There was a day when most people died at home rather than in an institution and it was not uncommon for friends and loved ones to offer the solace of the music of faith. Today many leave this life in rather sterile environments and music is rarely part of the experience.
I was intrigued to see that there is a growing movement of what are called Threshold Choirs in the United States, essentially choirs for the end of life. http://thresholdchoir.org/ These choirs commit ten to thirty songs to memory and sing them to the dying as requested. Some are oldy goldies such as Take Me Out to the Ballgame (not Take Me Out of the Ballgame!) Others are sacred songs. These choirs rehearse regularly and are given training:
Always face the person in the chair. Sense their breath, the rising and falling of the lungs, the blood's flush on the cheeks. Watch the loosening and tightening of the muscles, the movement of the eyelids, how the hair on their arms straightens up. Don't stand out. Speak softly. Blend in with the voices.

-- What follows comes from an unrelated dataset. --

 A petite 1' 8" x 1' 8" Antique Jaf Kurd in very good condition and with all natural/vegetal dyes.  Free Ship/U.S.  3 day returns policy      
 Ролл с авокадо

It would be easy to joke about this -- "oh no, not the choir! I must be a goner!"-- but I see the potential. Often folk I visit in nursing homes and other facilities are listening to music. Many of them have sung in choirs. And I can't help wondering if church choir members would be willing to do this on occasion as a form of ministry.
What do you think of this idea? Have you ever provided music for a dying loved one? Do you think you would find comfort in music when your time comes?